| EXERCISE AIM |
Output the full listing below exactly; the images stay out.

| DATASET EXCERPT |
⟨

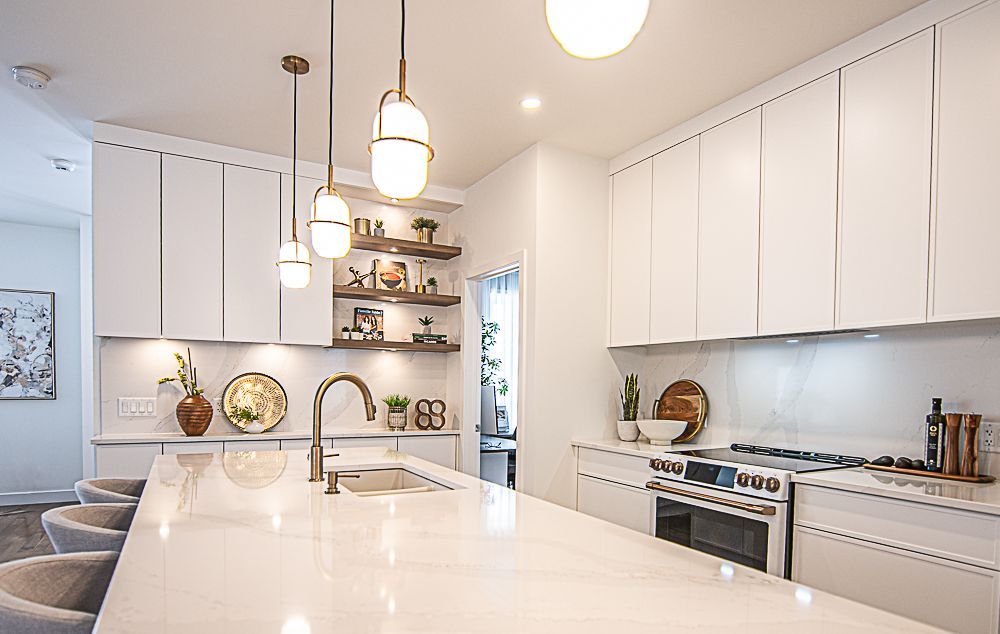 Cuisine blanche moderne avec îlot central, placards, étagères, suspensions lumineuses et appareils électroménagers en acier inoxydable.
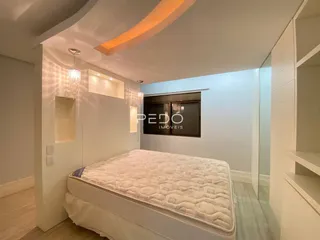 Quarto moderno com cama grande e paredes brancas em um imóvel no Brasil.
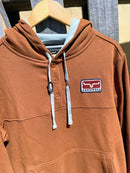 Men's Kimes Ranch Hoodie in Brown.  Close up of logo patch on left chest. 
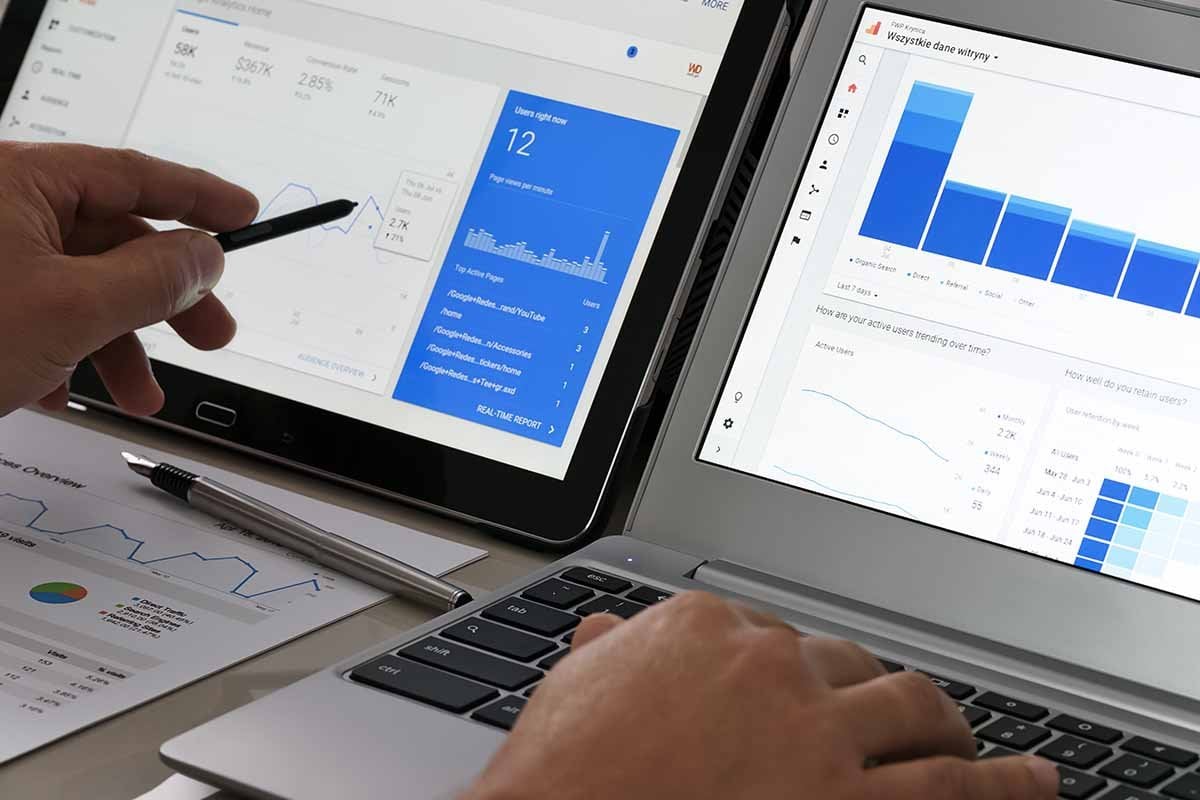 Dos computadoras portátiles que muestran gráficos de Google Analytics para métricas de anuncios de Facebook.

⟩

| ANSWER BOX |
 Cuisine blanche moderne avec îlot central, placards, étagères, suspensions lumineuses et appareils électroménagers en acier inoxydable.
 Quarto moderno com cama grande e paredes brancas em um imóvel no Brasil.
 Men's Kimes Ranch Hoodie in Brown.  Close up of logo patch on left chest. 
 Dos computadoras portátiles que muestran gráficos de Google Analytics para métricas de anuncios de Facebook.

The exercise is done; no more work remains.